Uncategorized

#Opini 2: Ketenangan, Ketentraman Hati, Dan Keberkahan Tidak Bisa Dibeli Oleh Segunung Uang

Pernahkah kamu menemukan orang di sekelilingmu, yang sebenarnya dia punya potensi untuk medapatkan nilai material lebih besar (Gaji). Namun memilih untuk berprofesi yang dianggap oleh mayoritas kita menilai profesi tersebut sangat “Tidak Banget” untuk sekelas kapasitasnya. Seperti sekolah hingga S2, S3 namun memilih untuk mengajar di kampung, dengan nilai nominal gaji yang jauh di bawah dari pada umumnya gelar tersebut.
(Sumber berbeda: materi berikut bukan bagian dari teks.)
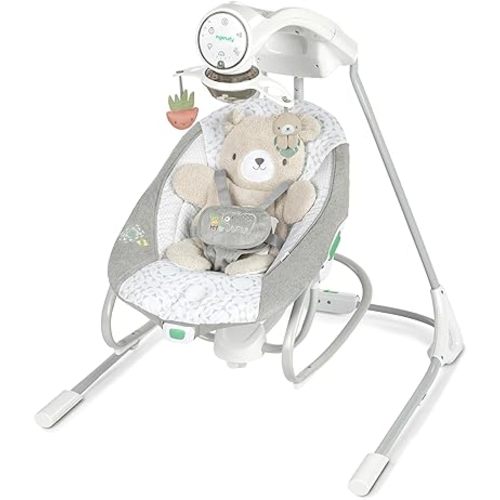 Ingenuity InLighten Soothing Swing & Rocker - Vibrating Swivel Infant Seat, Soothing Sounds, Lights - Nate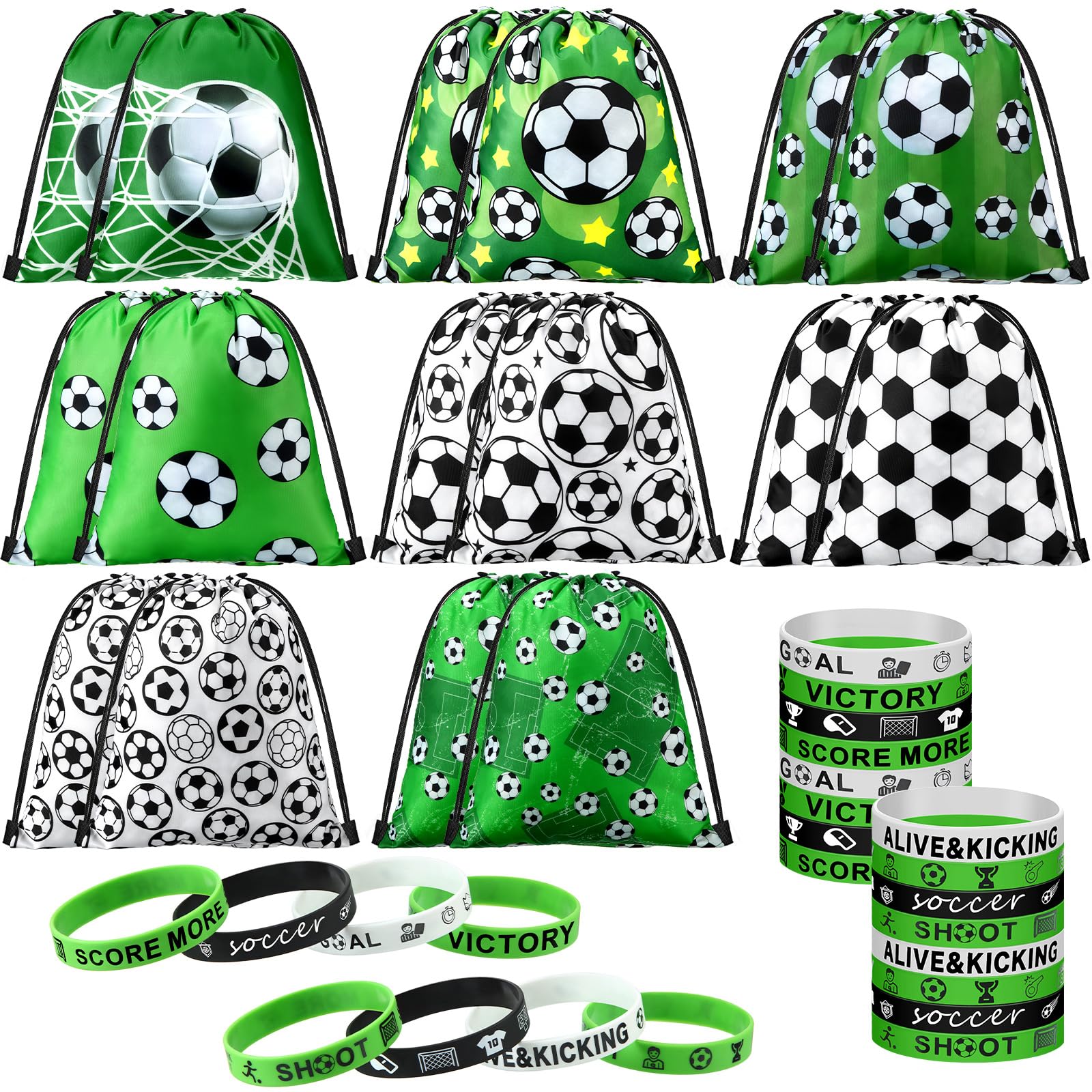 32 Pcs Soccer Party Favors Set - 16 Drawstring Goodie Bags & 16 Silicone Wristbands for Kids Birthday Party Supplies | Perfect for Soccer Themed Birthday Parties, Team Celebrations and Sports Events Gifts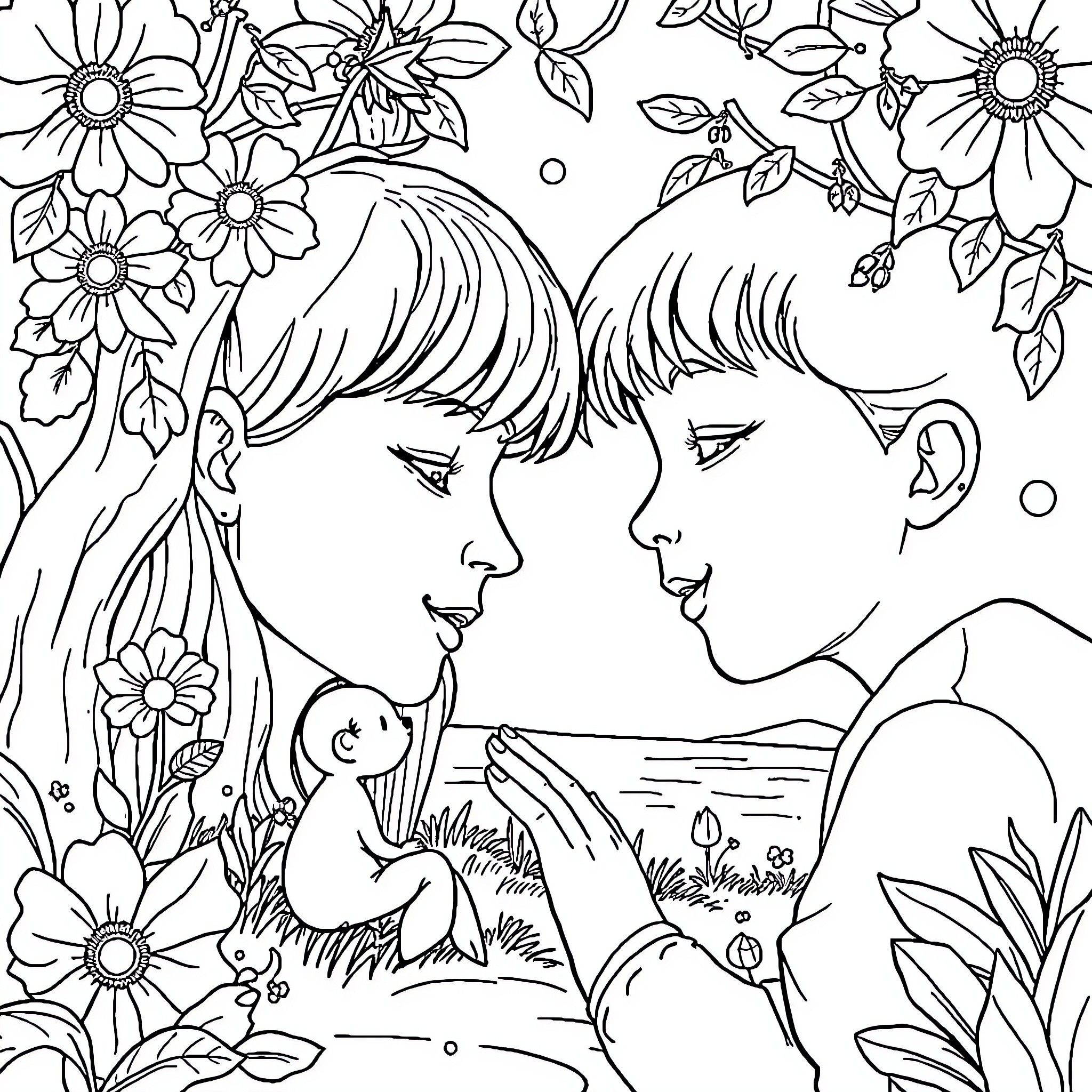 Life of love and nature Coloring Page (free black-and-white line drawing printable PDF for all, from beginners to advanced learners, including children, teens, adults, and seniors)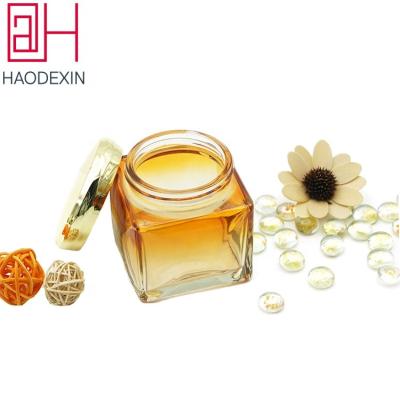 China High Quality Empty Luxury Skin Care Cream Packaging HAODEXIN Glass Container With Gold Lid Gradient Orange Square Glass Jar For Cosmetics Making Wholesale for sale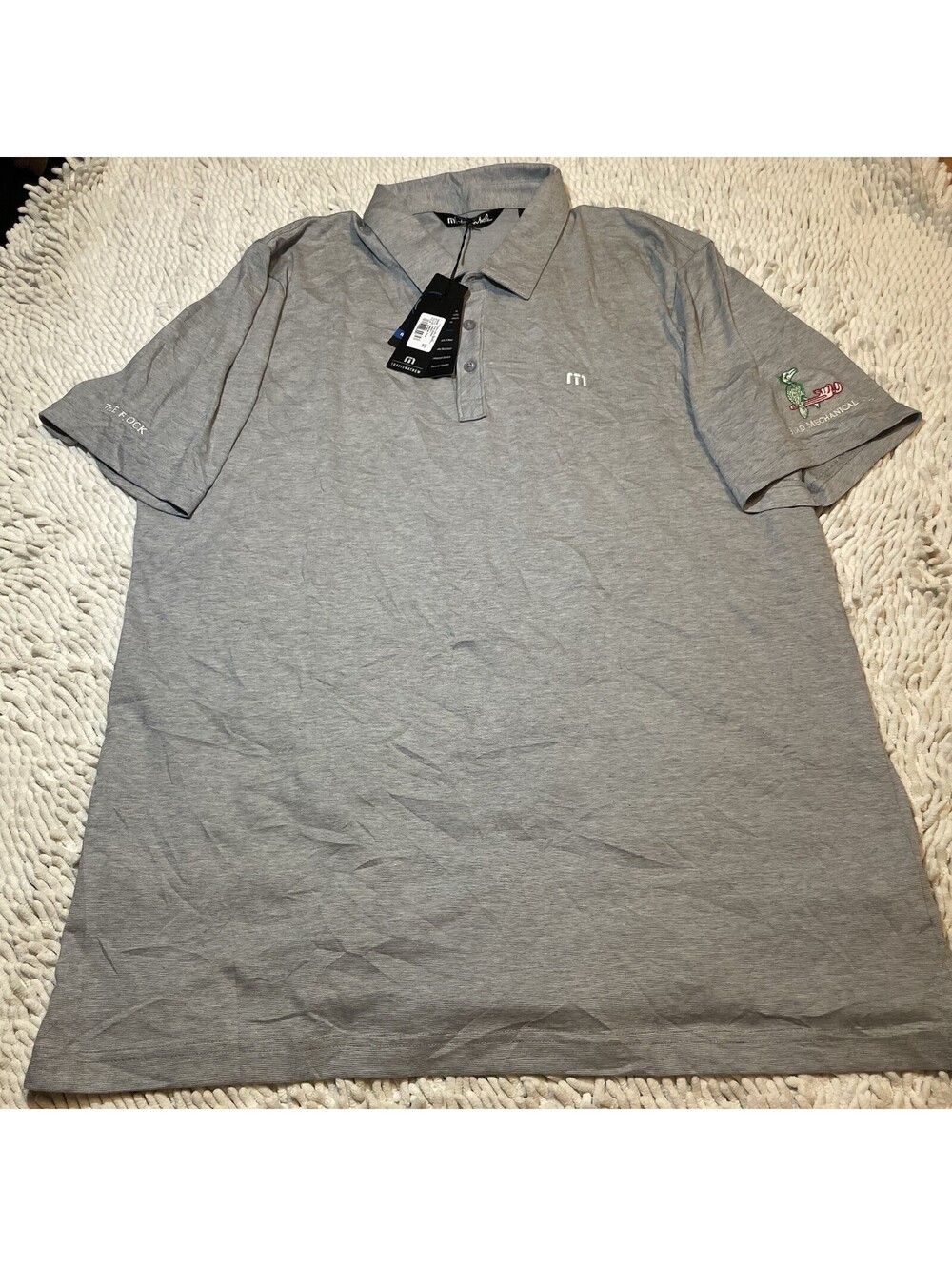 Travis Mathew Mens Zinna Performance Polo Golf  Shirt Gray XXL NWT LOGO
Aku pernah merasa heran pada beberapa orang di sekeliling. Ada beberapa orang:

Alm. Abah Mukhlas (Kiyai saya di Pesantren), beliau lulusan terbaik Al Azhar, yang sempat ditawari gaji ratusan juta untuk menjadi Dewan Pengawas Syariah (DPS). Satu kisah, beliau memberikan satu fatwa permasalahan hukum fiqh muamalat di suatu bank, tapi tidak menagih gajinya. Malah memilih jalan ninjanya untuk mengajar santri-santri, dan mengayomi masyarakat di bawah kaki gunung Slamet, Benda – Brebes. Menolak untuk menjadi ASN yang kata banyak orang, “Kalau udah jadi ASN hidupnya akan terjamin”.

Ada senior yang satu grup perusahaan denganku, bercerita bahwa proyek yang dulu ia pegang bisa miliaran bahkan triliunan. Menjadi orang kepercayaan jenderal bintang tiga. Belum bekerja saja sudah dikasih uang tebal. Setelah kerjaan selesai jangan ditanya, makin tebal. Bahkan saat pengadaan barang kebutuhan proyek atau kantornya, sangat sering sisa uang, bisa 2-4 kali UMR Jakarta dikasih cuma-cuma begitu saja untuk dia. Sekarang, sibuk dengan mengurusi masjid dan segala aspek sosial lainnya, yang secara nominal sangat jauh dari pada pekerjaan sebelumnya.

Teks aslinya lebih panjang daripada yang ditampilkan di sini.